Behind the Walls

A Practical Guide to Christian Prison Ministry from the Inside Out

John M. Cobin, Ph.D.

PART IX: PRISON CHRONICLES

“Cast Your Bread upon the Waters”—Unexpected Fruit and Redeeming the Time

Chapter 35, Part 2 of 3

Behind the Walls · Chapter 35, Part 2 of 3

Behind the Walls

A Practical Guide to Christian Prison Ministry from the Inside Out

John M. Cobin, Ph.D.

PART IX: PRISON CHRONICLES

“Cast Your Bread upon the Waters”—Unexpected Fruit and Redeeming the Time

Part 2 of 3

← Back to Ministry

Most reos in 118 who did not read books—which was everyone except Miami, Guillermo, Ismael, and, occasionally, Carlos, Ricardo, and fireman pedophile Sergio—were fascinated and sometimes puzzled by those who did. Rubén asked me, “How can you read so much?” I replied that I was used to it, especially after reading stacks of articles and books during graduate school. Reading was the principal way I received information, whereas the reos got theirs by listening to others, watching television, and receiving notifications. This fact was evident in their reactions when they heard me chuckle at my book. I remembered being intrigued as a child, around seven years old, watching my mother enjoy a book. Eventually, I developed an interest myself. It dawned on me that the reos had reacted this way because they had never read a book—or at least not many. Yet, like little boys, they wanted to know what the story was about and what made me laugh so much.

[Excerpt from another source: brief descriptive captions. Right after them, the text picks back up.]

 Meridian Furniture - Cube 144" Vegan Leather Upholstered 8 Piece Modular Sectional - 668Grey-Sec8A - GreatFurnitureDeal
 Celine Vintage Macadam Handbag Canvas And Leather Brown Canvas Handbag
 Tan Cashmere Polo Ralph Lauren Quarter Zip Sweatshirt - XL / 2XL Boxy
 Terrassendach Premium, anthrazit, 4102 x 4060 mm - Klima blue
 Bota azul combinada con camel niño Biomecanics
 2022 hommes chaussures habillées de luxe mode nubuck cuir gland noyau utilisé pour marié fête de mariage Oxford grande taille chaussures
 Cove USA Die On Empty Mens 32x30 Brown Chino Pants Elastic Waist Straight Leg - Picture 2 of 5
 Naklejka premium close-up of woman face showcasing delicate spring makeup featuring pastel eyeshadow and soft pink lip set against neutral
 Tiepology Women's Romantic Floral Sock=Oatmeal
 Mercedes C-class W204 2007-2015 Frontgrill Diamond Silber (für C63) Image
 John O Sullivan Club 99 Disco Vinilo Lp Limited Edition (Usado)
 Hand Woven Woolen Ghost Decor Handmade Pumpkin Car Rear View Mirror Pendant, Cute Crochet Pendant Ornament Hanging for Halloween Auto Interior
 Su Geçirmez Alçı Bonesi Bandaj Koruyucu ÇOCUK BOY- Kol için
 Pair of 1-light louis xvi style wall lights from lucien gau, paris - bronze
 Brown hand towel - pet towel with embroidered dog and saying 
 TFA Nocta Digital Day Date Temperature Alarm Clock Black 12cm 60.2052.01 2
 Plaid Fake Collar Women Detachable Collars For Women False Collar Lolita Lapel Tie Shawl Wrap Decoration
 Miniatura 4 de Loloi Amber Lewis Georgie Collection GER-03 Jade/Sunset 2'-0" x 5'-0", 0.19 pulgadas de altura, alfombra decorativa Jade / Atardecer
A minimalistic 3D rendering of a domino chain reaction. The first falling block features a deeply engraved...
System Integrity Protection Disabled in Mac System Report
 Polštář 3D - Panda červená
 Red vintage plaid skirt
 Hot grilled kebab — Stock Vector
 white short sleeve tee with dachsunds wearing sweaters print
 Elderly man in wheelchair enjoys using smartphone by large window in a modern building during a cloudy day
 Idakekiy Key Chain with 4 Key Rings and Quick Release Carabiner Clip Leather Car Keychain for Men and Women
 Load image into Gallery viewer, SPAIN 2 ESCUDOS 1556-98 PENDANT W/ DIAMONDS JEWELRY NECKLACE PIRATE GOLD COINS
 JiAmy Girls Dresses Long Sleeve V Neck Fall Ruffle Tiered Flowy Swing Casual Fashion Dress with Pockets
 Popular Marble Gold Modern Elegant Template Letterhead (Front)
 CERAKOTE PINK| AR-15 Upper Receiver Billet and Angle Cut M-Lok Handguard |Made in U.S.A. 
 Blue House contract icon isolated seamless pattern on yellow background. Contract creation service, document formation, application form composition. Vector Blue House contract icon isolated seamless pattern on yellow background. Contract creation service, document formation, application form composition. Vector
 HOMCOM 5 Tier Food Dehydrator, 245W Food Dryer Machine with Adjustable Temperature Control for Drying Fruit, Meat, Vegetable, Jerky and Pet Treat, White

The contrast was sobering. Not only were these men in prison physically, but their minds had also been fettered. Strolling the patio with me, Miami noted that these reos only know how to regurgitate or parrot the information they receive. Few, if any, ever go to the next level of analysis and critical thinking, much less to the level of being creative and generating a novel thought. I marveled at how closed, mysterious, and perhaps even frightening the world must be for benighted men with such limitations, and I was thankful that I had escaped such a plight—recalling from Colossians 1:13 that God “hath delivered us from the power of darkness, and hath translated us into the kingdom of his dear Son.”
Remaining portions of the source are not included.